§ **Action item**
Every record must be written out once more, with nothing added or omitted.

§ **Records to use**

-- Opening Marker --

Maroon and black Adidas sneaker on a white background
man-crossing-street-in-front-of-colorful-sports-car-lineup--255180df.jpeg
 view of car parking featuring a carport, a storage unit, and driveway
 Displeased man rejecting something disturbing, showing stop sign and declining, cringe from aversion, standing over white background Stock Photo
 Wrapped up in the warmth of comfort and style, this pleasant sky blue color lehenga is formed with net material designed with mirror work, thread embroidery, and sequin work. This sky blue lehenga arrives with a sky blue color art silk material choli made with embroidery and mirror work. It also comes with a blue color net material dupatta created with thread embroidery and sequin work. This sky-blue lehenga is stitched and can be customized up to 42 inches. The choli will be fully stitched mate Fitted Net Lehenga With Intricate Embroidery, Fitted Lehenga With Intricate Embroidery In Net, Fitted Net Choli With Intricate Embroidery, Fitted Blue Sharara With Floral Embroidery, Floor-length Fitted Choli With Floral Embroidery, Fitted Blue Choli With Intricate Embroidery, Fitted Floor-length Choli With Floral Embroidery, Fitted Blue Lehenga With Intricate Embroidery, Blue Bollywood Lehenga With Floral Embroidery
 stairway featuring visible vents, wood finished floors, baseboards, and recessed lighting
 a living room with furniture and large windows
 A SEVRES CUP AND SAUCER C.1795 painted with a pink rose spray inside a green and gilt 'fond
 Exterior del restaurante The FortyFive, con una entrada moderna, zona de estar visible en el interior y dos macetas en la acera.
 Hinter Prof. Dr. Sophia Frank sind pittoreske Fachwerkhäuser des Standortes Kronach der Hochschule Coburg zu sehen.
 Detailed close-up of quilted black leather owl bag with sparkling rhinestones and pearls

-- Closing Marker --

§ **Solution to the exercise**
Maroon and black Adidas sneaker on a white background
man-crossing-street-in-front-of-colorful-sports-car-lineup--255180df.jpeg
 view of car parking featuring a carport, a storage unit, and driveway
 Displeased man rejecting something disturbing, showing stop sign and declining, cringe from aversion, standing over white background Stock Photo
 Wrapped up in the warmth of comfort and style, this pleasant sky blue color lehenga is formed with net material designed with mirror work, thread embroidery, and sequin work. This sky blue lehenga arrives with a sky blue color art silk material choli made with embroidery and mirror work. It also comes with a blue color net material dupatta created with thread embroidery and sequin work. This sky-blue lehenga is stitched and can be customized up to 42 inches. The choli will be fully stitched mate Fitted Net Lehenga With Intricate Embroidery, Fitted Lehenga With Intricate Embroidery In Net, Fitted Net Choli With Intricate Embroidery, Fitted Blue Sharara With Floral Embroidery, Floor-length Fitted Choli With Floral Embroidery, Fitted Blue Choli With Intricate Embroidery, Fitted Floor-length Choli With Floral Embroidery, Fitted Blue Lehenga With Intricate Embroidery, Blue Bollywood Lehenga With Floral Embroidery
 stairway featuring visible vents, wood finished floors, baseboards, and recessed lighting
 a living room with furniture and large windows
 A SEVRES CUP AND SAUCER C.1795 painted with a pink rose spray inside a green and gilt 'fond
 Exterior del restaurante The FortyFive, con una entrada moderna, zona de estar visible en el interior y dos macetas en la acera.
 Hinter Prof. Dr. Sophia Frank sind pittoreske Fachwerkhäuser des Standortes Kronach der Hochschule Coburg zu sehen.
 Detailed close-up of quilted black leather owl bag with sparkling rhinestones and pearls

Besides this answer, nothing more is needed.